Abstract
This thesis interrogates the Victorian slum novel and examines the ways in which
poverty is deployed to mediate desire. I describe this phenomenon as ‘poverty porn’.
Through an interdisciplinary analysis into the themes of spectacle, space, and
surveillance in the Victorian slum novel, this thesis considers the socio-cultural
implications of literary poverty porn and proposes that it functions as an extension of
slumming practices in which the richer classes entered impoverished areas as a leisure
pursuit. In identifying this relationship between the novel and slumming, I challenge the
apparently charitable intentions of nineteenth-century slum novelists. In ‘Chapter 1:
Spectacle’, I illustrate how Charles Dickens’s Oliver Twist (1837) and Margaret
Harkness’s In Darkest London (1889) present images that simultaneously evoke
sympathy for the poor while providing pleasure and entertainment for their readerships.
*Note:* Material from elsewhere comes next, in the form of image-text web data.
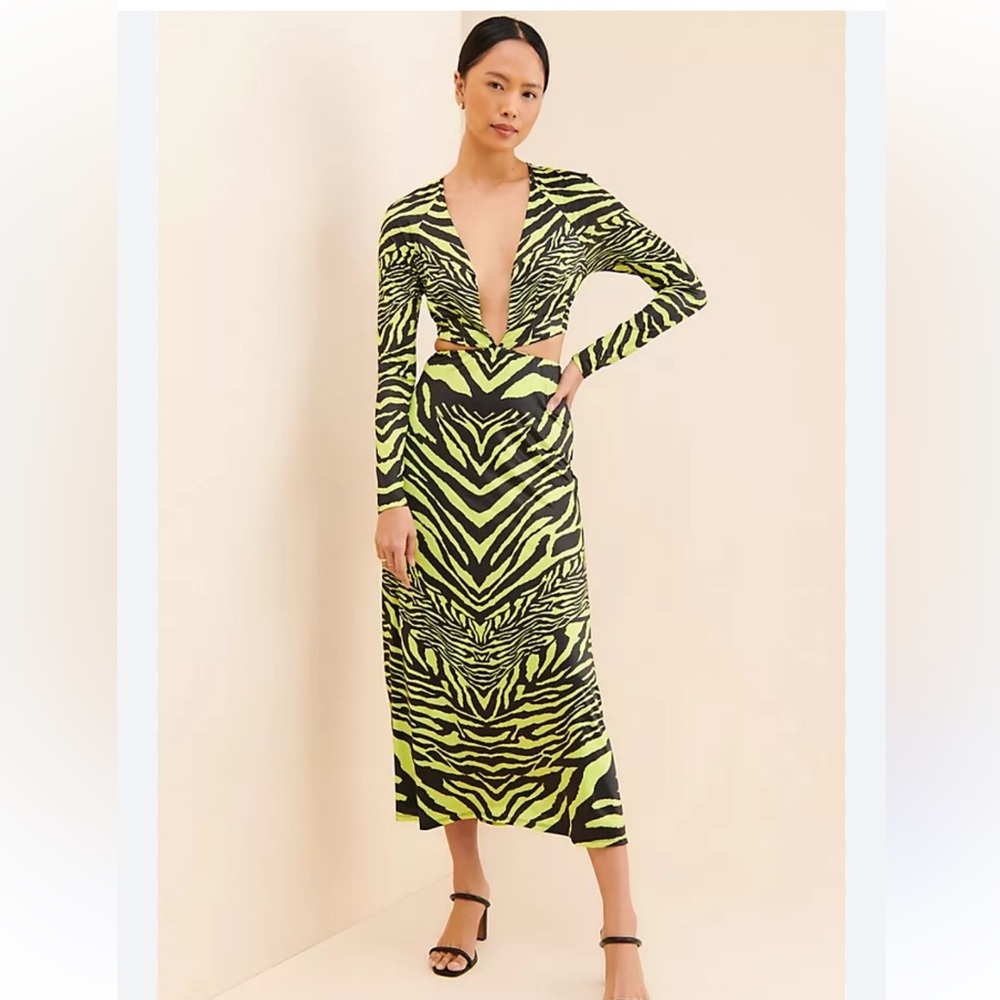 Zebra Print Long Sleeve Dress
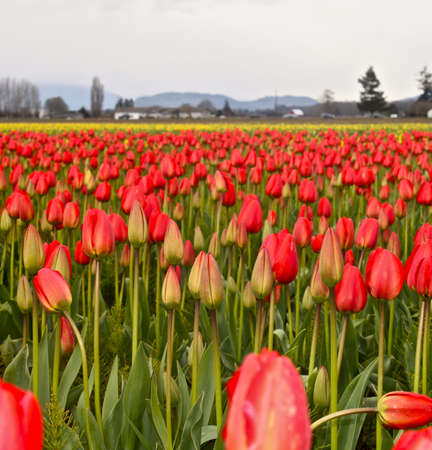 Tulips in a field red pink white green Skagit valley, wasingtonの写真素材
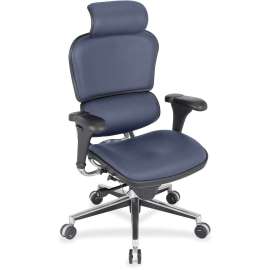 Eurotech Ergohuman Leather Executive Chair, 1 Each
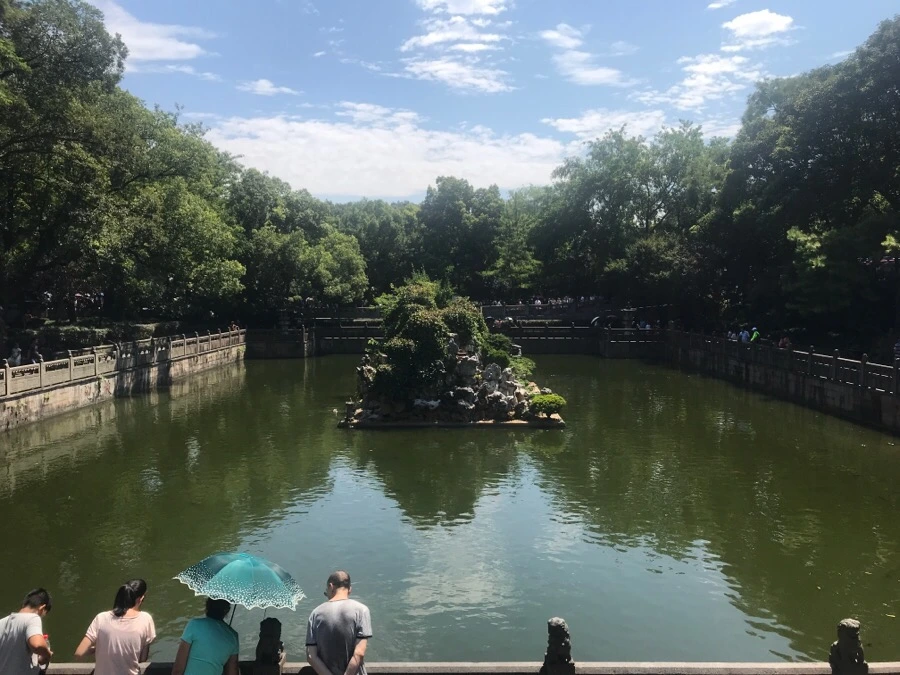 IMG_1212.jpg?type=w966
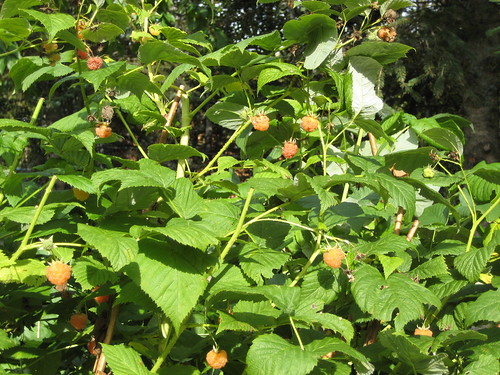 A tangle of Golden Raspberries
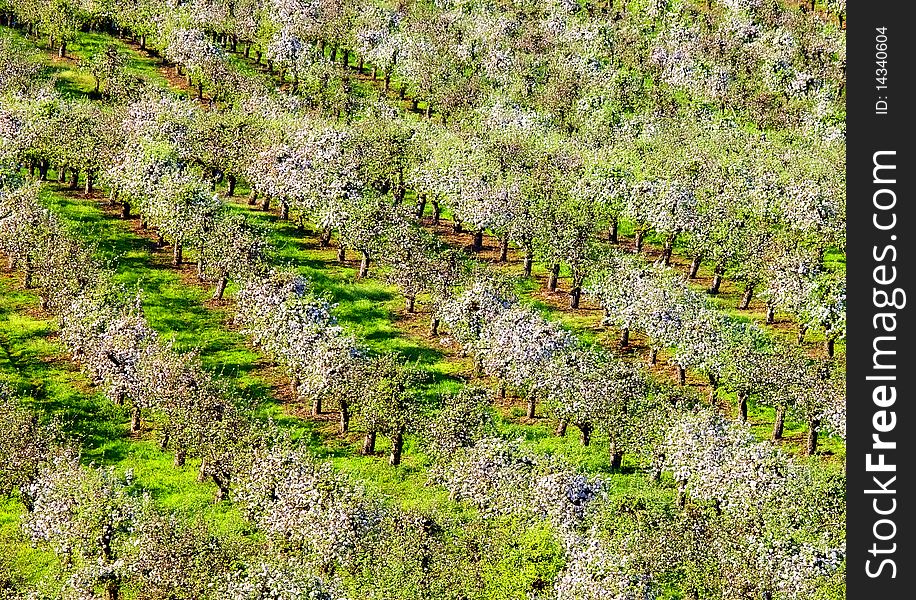 orchards in spring time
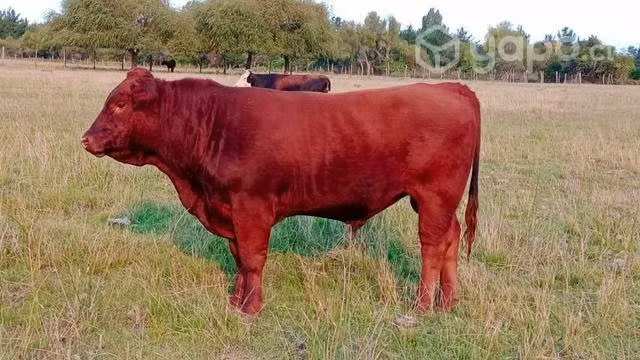 Toro - Imagen 2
‘Chapter 2: Space’ considers the ways in which Arthur Morrison’s Tales of Mean
Streets (1894) and Israel Zangwill’s Children of the Ghetto (1892) engage with spatial
relations in their representations of the slums, and critiques how each author constructs
slum spaces to articulate their own identities and beliefs. ‘Chapter 3: Surveillance’
discusses how Vernon Lee’s Miss Brown (1884) and Mary Elizabeth
Braddon’s Mary (1916) critique male philanthropic and artistic gazes and emphasise the
oppression of poor and working-class women under surveillance. In doing so, they reveal
poor women’s potential to enact social reform when they break away from the
scrutinising male gaze. Throughout these chapters, I explore how these texts are
informed by slumming practices and how they aim to produce various forms of pleasure
in their readerships. In doing so, this thesis also contextualises the slum novel in wider
nineteenth-century culture, uncovering relationships between poverty porn and
philanthropy, social class, gender, sexuality, immigration, identity, oppression, and
repression. This thesis thus offers new readings of both well-known and underdiscussed
slum novels while unearthing the implications of the various forms of poverty porn that
gripped the Victorian imaginary.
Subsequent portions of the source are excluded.